Learn how to choose FPV goggles in this tutorial.
Where to Buy
- Discontinued :(
Update (July 26 2017) – Skyzone announced a price drop, from $499 to $399!
Update (Aug 2019) – Skyzone dropped this goggle and released the OLED version – SKY03O. The SKY03 is now discontinued.
The Skyzone SKY03 FPV Goggles has a shiny and glossy finish. There are black and white versions. I personally prefer white because it doesn’t get as hot under the sun. Some people are worried about having light leak with white plastic, I haven’t noticed any of that in my testing even on a sunny day.
- FPV goggles
- Carry case
- 4x Faceplate foam pads
- Futaba data cable
- JR data cable
- 2x 5.8GHz antenna
- AV cable
- Power cable (barrel to XT60)
Skyzone 03 Spec
Here is the basic specifications of the 03 goggles:
- Built-in 5.8GHz diversity video receiver – 48 channels, ABEFRL bands
- FOV: 37 degree (feels more like 42)
- Resolution: 800×600
- Aspect Ratio: 4:3 Only
- IPD: 57.5 to 69.5mm
- Built-in DVR (supports up to 128GB micro SD card)
- Support 3D (side by side)
- Support HDMI input (1080p), and AV input (e.g. external video receiver)
- Input voltage: 7V – 26V (2S to 6S LiPo), [email protected]
- Built-in Head tracker
- Weight: 231g
Does it fit my face?
If a pair of FPV goggles doesn’t fit well on the face, it can cause light leakage and discomfort wearing it. It might even cause problems with blurry edges and focusing on the screens.
To accommodate different faces, Skyzone generously provides 4 faceplate foam pad options!
Out of the box the face plate is blank, you can choose a foam pad and stick it on.
I have no problems wearing the Skyzone SKY03, actually they fit even better than the Fatshark for me. I am very happy about that.
It’s enjoyable I can just pick a foam pad that works without going through all the DIY customization like I did with the Fatshark. (and I had to get the “trim-able” foam pad from Newbeedrone)
For those with “smaller” faces, you can use the plastic inserts provided to thicken the edges of the faceplate. This ensures a perfect fit for almost everyone! Well done there Skyzone!
I didn’t get these in my review unit, but Skyzone confirmed they will supply this when you buy them. (I didn’t need them anyway)
A close look at the Skyzone SKY03 FPV goggles
Same as the Fatshark’s, you can use diopters on the SKY03 (for those who wear glasses). The same ones from Fatshark work just fine, however they are a little loose and tend to slide around if you tilt the goggles. Maybe you can fix that with a bit of blu-tack.
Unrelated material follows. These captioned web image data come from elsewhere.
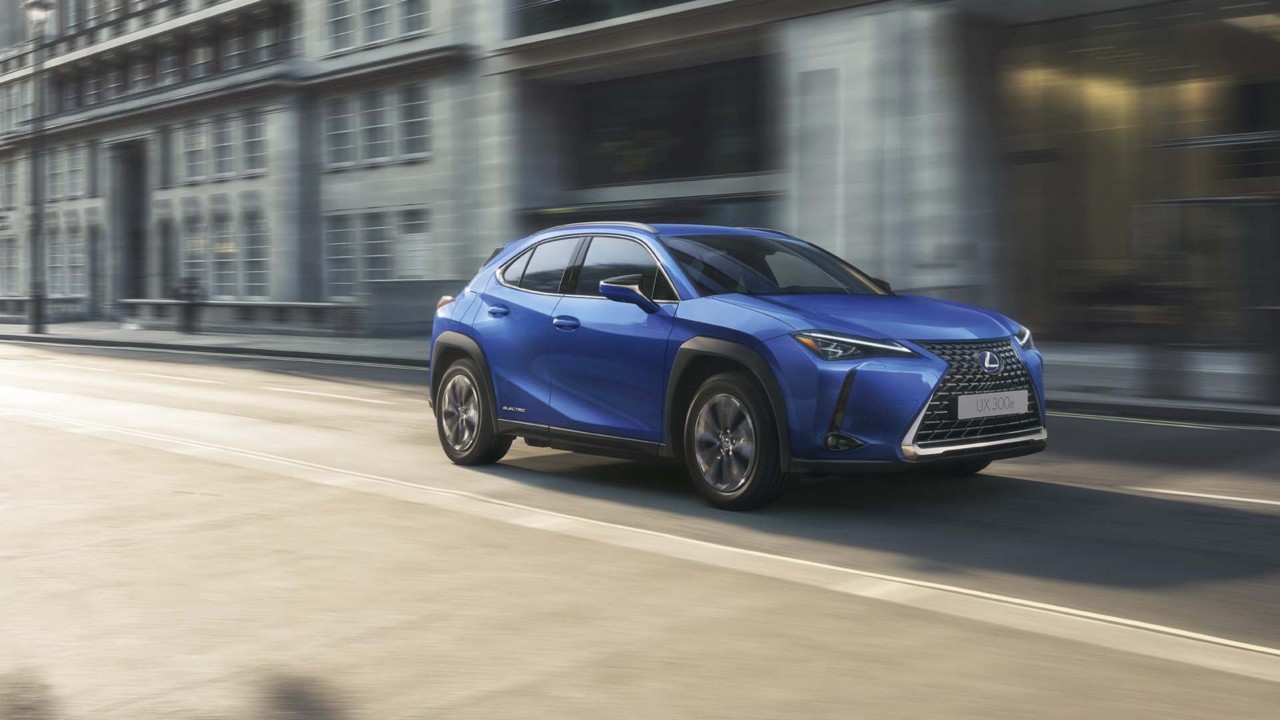 Lexus UX 300e driving in a city 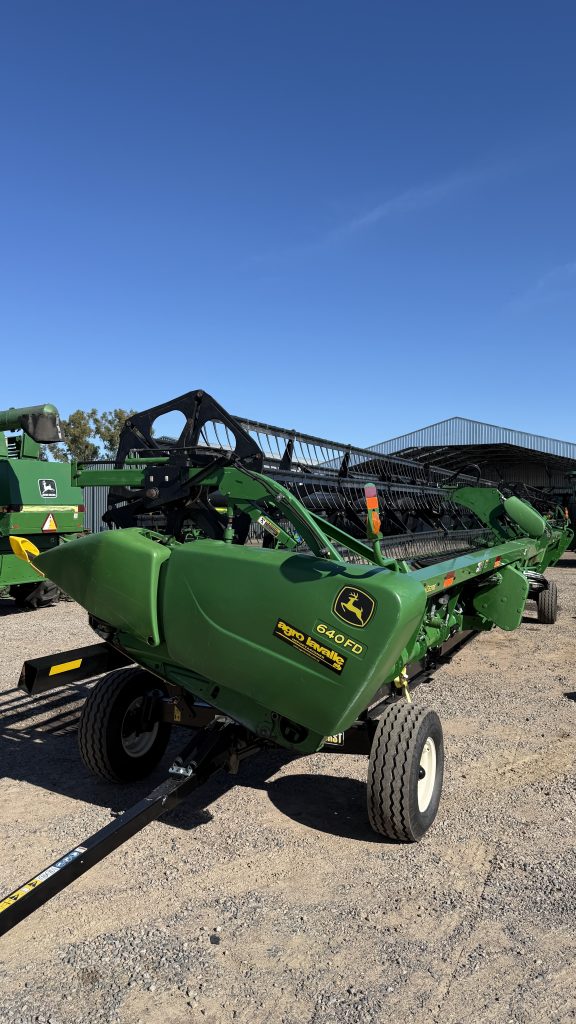 PLATAFORMA JD 640 FD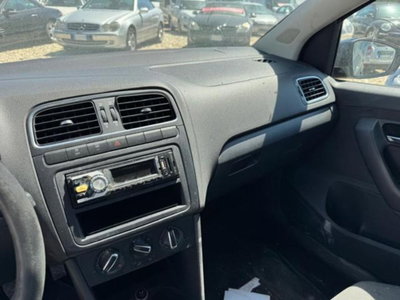 Volkswagen Polo 1.6 TDI DPF 5 porte Comfortline (9)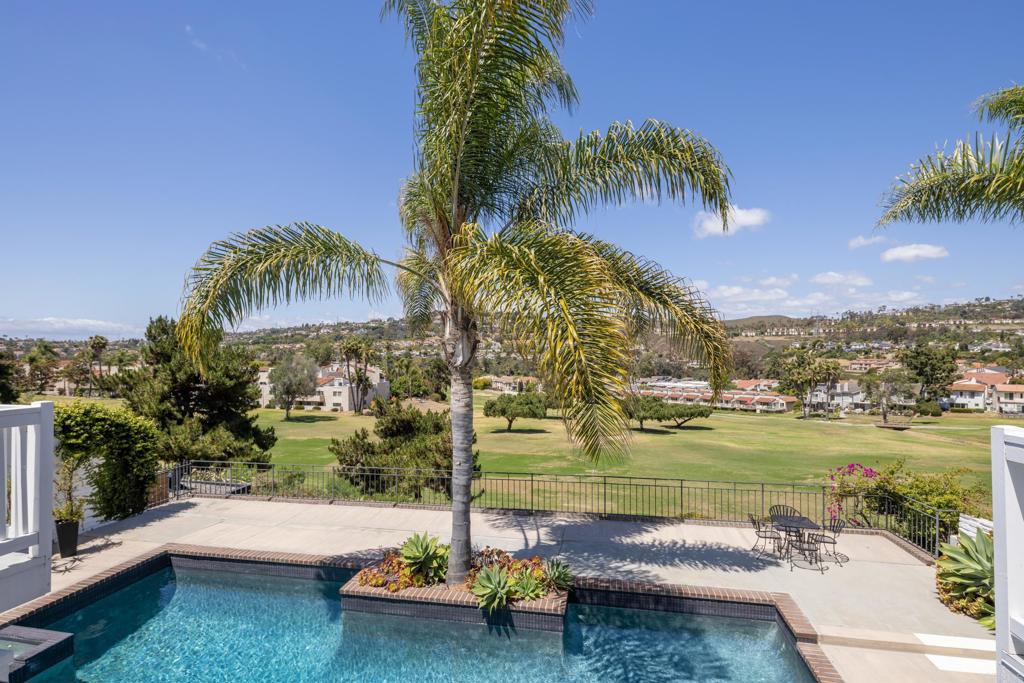 2738 La Costa Avenue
On the right hand side we have the power connector and power button.
It’s pretty awesome that it takes 2S to 6S LiPo battery as input. It also comes with a barrel to XT60 adapter so you can use your existing 4S or 6S pack to power these goggles.
Fatshark users have been dreaming about a power button for a long time. You can find it here in the 03, you can turn it on by holding down the button for a few seconds, and hold it down again to turn it off. However I wish it’s an On/Off push button with LED light (like this one), it looks so much cooler.
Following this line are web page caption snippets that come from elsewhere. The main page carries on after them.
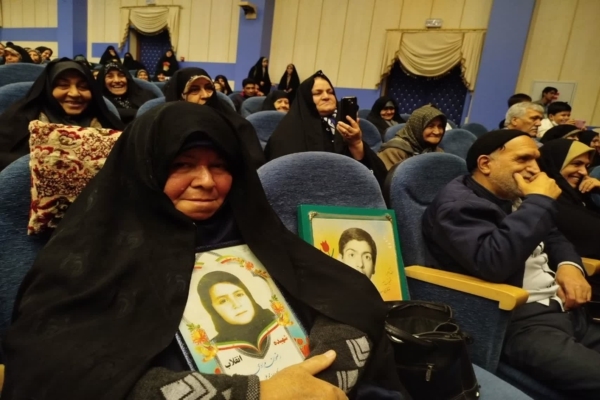 مادران و همسران شهدا نجفآباد تجلیل شدند مادران و همسران شهدا نجفآباد تجلیل شدند
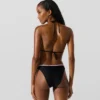 Triangelbikinitop met geschulpte rand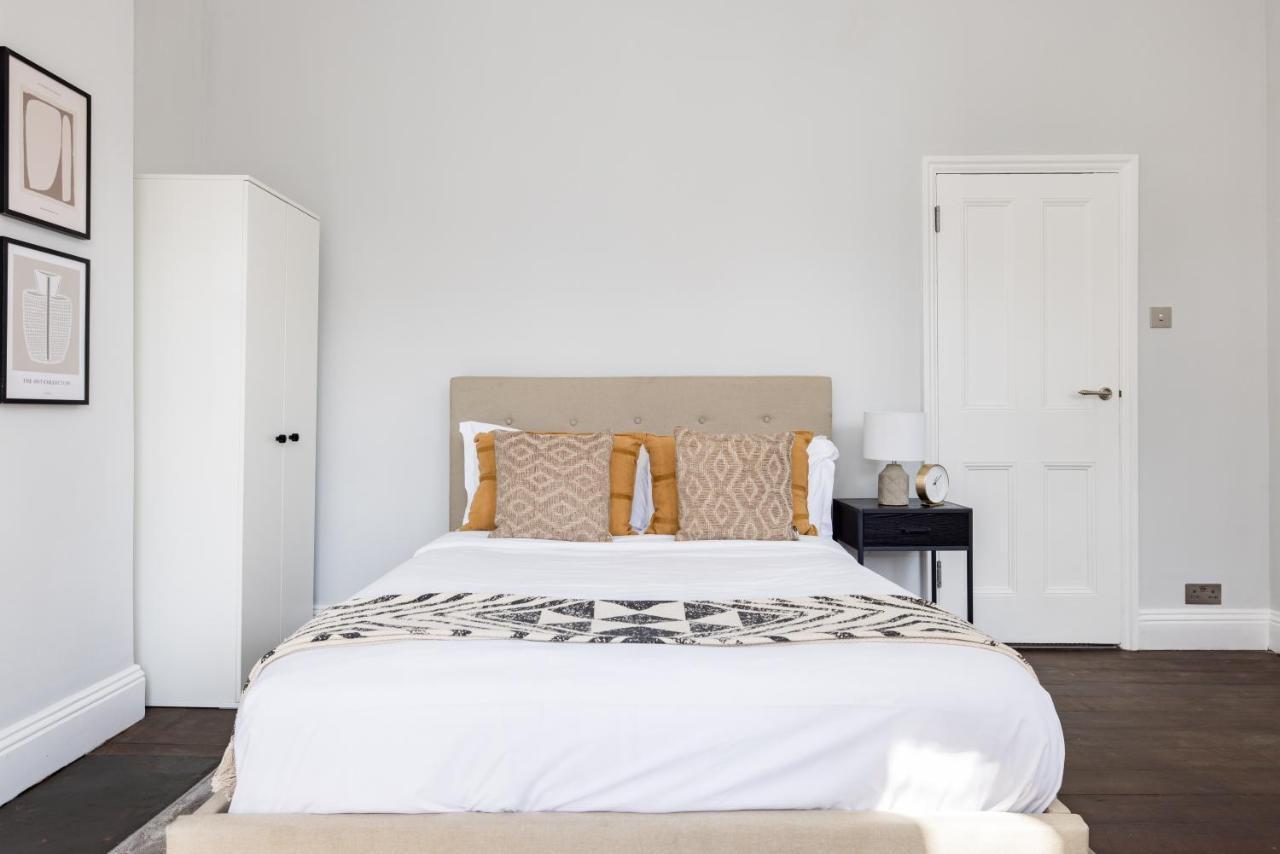 The Streatham Hill Wonder - Spacious 4Bdr House With Garden And Terrace London Ngoại thất bức ảnh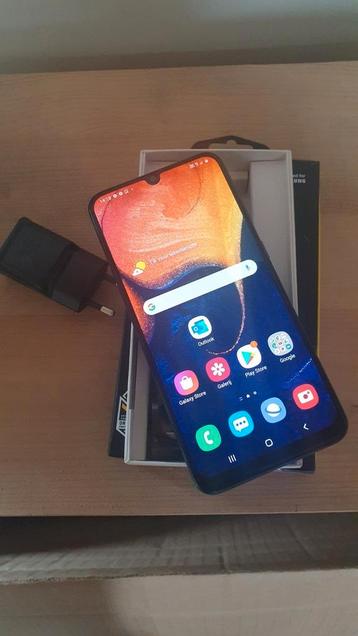 Samsung Galaxy A50 inclusief Otterbox Commuter Lite hoesje. beschikbaar voor biedingen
For me, the biggest selling point of the SKY03 is probably the built-in diversity video receiver (VRX). The two SMA antenna connectors are located on both sides of the goggles, which makes it easier to mount your antennas as opposed to having them at the same place.
On the top of the goggles, you can find the cooling fan and all the buttons. The buttons are clearly labelled for what they do, but they are also used to operate the menu so it was confusing for me at first.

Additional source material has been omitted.